▶ **Task requirements**
From the data below, please reproduce exactly everything from the line that contains "Видео: В ПОИСКАХ" down to the line that contains "Sumatran orangutan Ujian", with both ends included.

▶ **Entries supplied**
-----
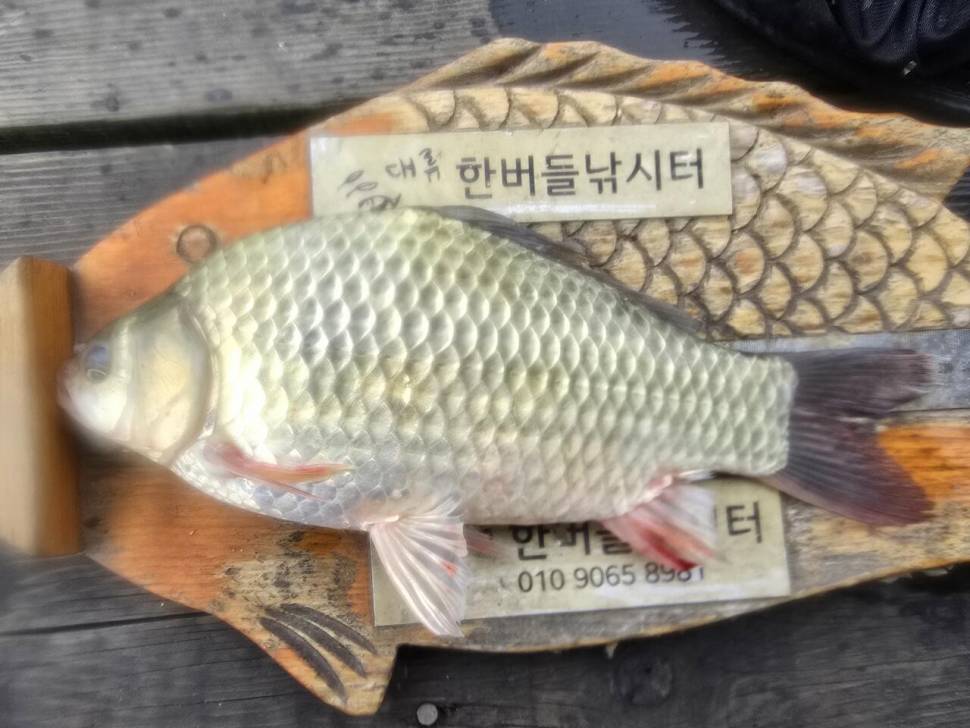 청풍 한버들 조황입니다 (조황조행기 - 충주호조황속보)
-----
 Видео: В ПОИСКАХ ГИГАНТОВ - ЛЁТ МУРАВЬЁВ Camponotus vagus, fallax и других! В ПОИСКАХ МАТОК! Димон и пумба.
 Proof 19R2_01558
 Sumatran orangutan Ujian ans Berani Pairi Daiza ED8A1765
-----
▶ **Answer to the exercise**
 Видео: В ПОИСКАХ ГИГАНТОВ - ЛЁТ МУРАВЬЁВ Camponotus vagus, fallax и других! В ПОИСКАХ МАТОК! Димон и пумба.
 Proof 19R2_01558
 Sumatran orangutan Ujian ans Berani Pairi Daiza ED8A1765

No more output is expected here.